L’administration autonome met en garde contre le fait que le pacte est signé dans un Etat qui ne dispose pas d’une constitution définie ou d’un processus clair pour la rédiger. La Conférence de dialogue national, convoquée par le gouvernement intérimaire il y a quelques semaines pour discuter de l’avenir politique du pays, a été dénoncée comme un espace exclusif, où «il n’y avait pas de représentants légitimes des communautés druze, kurde, alaouite, ismaélienne ou chrétienne… seulement des individus sans soutien réel». «La Constitution syrienne de 2012, adoptée sous le régime de Bachar el-Assad, contenait déjà des principes de non-discrimination sur la base du sexe, de l’origine, de la religion ou de la langue et prévoyait la protection de toutes les religions par l’Etat. Cependant, dans la pratique, ces droits sont restés lettre morte, sans réel changement pour les minorités, dont la communauté kurde», soulignent-ils.

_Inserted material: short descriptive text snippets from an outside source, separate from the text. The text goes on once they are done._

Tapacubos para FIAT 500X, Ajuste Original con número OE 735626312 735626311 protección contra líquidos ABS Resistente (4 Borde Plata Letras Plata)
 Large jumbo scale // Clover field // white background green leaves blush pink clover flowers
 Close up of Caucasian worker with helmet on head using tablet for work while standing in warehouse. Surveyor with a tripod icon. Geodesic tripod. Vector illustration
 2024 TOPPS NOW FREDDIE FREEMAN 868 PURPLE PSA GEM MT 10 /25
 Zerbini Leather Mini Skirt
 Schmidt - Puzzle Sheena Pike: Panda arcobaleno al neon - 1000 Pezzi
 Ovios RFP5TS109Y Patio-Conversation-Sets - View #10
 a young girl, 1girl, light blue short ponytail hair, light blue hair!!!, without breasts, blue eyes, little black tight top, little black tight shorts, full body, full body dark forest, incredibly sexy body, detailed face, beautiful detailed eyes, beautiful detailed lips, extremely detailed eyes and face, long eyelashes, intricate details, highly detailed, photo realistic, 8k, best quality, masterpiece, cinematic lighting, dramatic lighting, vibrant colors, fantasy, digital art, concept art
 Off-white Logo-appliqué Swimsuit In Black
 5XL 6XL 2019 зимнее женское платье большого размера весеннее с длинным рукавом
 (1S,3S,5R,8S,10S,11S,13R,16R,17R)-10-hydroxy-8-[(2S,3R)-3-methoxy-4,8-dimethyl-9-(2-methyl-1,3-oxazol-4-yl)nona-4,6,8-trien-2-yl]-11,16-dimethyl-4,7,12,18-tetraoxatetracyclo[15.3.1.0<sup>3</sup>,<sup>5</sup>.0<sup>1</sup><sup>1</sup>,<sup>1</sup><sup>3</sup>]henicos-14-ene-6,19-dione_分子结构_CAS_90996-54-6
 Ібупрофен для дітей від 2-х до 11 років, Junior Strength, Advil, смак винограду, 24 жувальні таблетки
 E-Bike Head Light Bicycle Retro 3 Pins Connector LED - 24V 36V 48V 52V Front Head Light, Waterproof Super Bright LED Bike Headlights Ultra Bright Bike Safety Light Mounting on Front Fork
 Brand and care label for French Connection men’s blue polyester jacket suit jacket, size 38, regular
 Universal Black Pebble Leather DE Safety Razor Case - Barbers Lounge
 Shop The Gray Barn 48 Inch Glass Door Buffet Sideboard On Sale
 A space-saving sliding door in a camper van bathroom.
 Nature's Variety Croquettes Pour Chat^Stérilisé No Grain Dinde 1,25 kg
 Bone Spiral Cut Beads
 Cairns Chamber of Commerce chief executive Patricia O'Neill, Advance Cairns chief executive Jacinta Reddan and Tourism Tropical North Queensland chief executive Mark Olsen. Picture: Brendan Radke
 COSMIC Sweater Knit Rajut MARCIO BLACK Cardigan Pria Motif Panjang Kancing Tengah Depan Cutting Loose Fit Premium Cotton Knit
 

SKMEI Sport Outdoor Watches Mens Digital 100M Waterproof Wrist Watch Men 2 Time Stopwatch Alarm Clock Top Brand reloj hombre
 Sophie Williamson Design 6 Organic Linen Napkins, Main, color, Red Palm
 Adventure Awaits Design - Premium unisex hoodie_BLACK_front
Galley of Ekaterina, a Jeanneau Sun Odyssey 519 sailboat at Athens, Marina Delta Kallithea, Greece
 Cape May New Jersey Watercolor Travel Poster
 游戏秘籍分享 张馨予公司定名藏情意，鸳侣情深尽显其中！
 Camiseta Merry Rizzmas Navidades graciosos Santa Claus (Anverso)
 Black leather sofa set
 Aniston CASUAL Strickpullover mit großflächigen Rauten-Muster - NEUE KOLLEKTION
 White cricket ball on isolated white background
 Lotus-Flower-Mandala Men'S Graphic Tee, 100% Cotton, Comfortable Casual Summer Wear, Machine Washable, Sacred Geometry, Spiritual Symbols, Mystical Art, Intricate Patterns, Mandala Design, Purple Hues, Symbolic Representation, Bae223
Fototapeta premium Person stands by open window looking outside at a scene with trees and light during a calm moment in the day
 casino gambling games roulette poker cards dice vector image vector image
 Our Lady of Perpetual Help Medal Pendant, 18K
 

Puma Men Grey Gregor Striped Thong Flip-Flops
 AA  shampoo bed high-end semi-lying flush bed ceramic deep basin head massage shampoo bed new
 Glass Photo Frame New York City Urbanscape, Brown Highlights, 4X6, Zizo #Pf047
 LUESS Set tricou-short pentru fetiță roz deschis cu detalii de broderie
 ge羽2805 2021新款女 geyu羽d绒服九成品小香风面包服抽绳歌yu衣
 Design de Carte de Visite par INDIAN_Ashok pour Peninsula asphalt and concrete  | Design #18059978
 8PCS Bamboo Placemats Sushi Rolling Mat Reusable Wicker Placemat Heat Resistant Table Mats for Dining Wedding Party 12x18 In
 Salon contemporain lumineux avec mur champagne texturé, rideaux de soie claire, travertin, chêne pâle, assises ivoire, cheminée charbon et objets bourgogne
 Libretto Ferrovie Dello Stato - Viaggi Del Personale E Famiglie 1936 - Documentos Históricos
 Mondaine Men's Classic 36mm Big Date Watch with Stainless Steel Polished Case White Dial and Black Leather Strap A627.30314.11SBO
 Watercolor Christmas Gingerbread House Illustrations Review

L’accord intervient à un moment marqué par le processus d’ouverture du PKK en Turquie, la vague d’exécutions et le réajustement des rapports de force dans la région. Malgré son ambiguïté, le pacte offre une possibilité de prolonger le dialogue. Alors que la Syrie reste dans un processus de reconfiguration politique et militaire, l’impact réel de cet accord dépendra à la fois de sa mise en œuvre effective, promise pour cette année, et de l’évolution des équilibres régionaux dans les mois à venir.